= Antiparallel (electronics) =

In electronics, two anti-parallel or inverse-parallel devices are connected in parallel but with their polarities reversed.

One example is the TRIAC, which is comparable to two thyristors connected back-to-back (in other words, reverse parallel), but on a single piece of silicon.

Two LEDs can be paired this way, so that each protects the other from reverse voltage. A series string of such pairs can be connected to AC or DC power, with an appropriate resistor. Some two-color LEDs are constructed this way, with the 2 dies connected anti-parallel in one chip package. With AC, the LEDs in each pair take turns emitting light, on alternate half-cycles of supply power, greatly reducing the strobing effect to below the normal flicker fusion threshold of the human eye, and making the lights brighter. On DC, polarity can be switched back and forth so as to change the color of the lights, such as in Christmas lights that can be either white or colored.

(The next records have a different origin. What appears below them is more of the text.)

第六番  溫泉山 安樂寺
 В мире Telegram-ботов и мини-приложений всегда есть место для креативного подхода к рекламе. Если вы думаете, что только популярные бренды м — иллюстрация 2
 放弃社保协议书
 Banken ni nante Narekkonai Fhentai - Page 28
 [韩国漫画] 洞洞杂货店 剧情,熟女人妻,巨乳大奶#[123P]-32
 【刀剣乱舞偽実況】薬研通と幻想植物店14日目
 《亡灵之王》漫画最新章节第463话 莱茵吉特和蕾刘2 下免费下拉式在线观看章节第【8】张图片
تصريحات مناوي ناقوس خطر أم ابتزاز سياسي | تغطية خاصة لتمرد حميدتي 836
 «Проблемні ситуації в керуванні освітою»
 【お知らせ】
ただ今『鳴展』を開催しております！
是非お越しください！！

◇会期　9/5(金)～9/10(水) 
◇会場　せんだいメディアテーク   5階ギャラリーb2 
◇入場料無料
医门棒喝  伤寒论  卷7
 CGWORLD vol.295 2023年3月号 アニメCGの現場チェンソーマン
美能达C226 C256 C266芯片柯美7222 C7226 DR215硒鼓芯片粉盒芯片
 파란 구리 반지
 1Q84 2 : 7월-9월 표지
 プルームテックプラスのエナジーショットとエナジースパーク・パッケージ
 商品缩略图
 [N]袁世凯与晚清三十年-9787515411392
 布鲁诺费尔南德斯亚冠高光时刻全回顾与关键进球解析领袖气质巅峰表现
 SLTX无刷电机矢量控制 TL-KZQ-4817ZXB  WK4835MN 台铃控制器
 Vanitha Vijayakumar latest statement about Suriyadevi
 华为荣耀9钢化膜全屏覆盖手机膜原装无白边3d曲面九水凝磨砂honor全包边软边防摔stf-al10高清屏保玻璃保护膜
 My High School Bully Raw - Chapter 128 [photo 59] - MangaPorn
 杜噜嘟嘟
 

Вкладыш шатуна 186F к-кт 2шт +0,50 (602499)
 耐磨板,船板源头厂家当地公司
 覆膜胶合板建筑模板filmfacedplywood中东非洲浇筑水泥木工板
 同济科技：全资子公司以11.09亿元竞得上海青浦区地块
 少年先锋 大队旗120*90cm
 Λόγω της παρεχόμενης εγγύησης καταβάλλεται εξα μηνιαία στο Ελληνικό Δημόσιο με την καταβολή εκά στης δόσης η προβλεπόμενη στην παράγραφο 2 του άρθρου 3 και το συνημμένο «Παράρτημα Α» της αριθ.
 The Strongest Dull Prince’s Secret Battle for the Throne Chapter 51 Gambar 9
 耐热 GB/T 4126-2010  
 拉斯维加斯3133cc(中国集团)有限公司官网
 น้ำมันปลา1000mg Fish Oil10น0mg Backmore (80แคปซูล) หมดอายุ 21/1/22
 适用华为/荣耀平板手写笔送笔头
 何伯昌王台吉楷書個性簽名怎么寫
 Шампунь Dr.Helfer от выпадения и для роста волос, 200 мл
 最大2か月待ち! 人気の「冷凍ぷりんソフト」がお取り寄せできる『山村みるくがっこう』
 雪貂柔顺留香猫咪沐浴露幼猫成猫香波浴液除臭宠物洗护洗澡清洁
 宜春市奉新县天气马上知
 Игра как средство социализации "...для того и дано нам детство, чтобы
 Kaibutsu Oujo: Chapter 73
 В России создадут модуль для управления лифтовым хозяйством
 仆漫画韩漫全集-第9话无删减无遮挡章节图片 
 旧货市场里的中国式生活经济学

Battery-powered lights, which are wired in parallel, can also create a simulated "chasing" effect by alternating the polarity for each LED attached to the string, and controlling the positive and negative parts of the cycle separately. This creates two "virtual circuits", with odd-numbered LEDs lighting on positive polarity and even-numbered ones on negative polarity, for example. By eliminating the need for extra wires, this reduces costs for the manufacturer, and makes the cords less bulky and obvious for the consumer to string on decorative items. On cheaper sets, this causes strobing and prevents any of the LEDs from getting to full brightness, since both polarities share the same wire pair and cannot be active at the same time, meaning each can only be on during its own half of the cycle. Better lights can adjust the duty cycle so that any unused "off" time on one polarity can be used by the other, reducing the strobing effect and making it easier to create color blends (such as orange, amber, and yellow from a red/green LED).

== ESD ==
Antiparallel diodes are often used for ESD protection in ICs. Different ground or supply domains at the same potential or voltage may be wired separately for isolation reasons. However, during an ESD event across the domains, one would want a path for the high current to traverse. Without the antiparallel diodes in place, the voltage induced by the ESD event may result in the current following an unknown path that often leads to damage of the device. With the diodes in place the current can travel in either direction.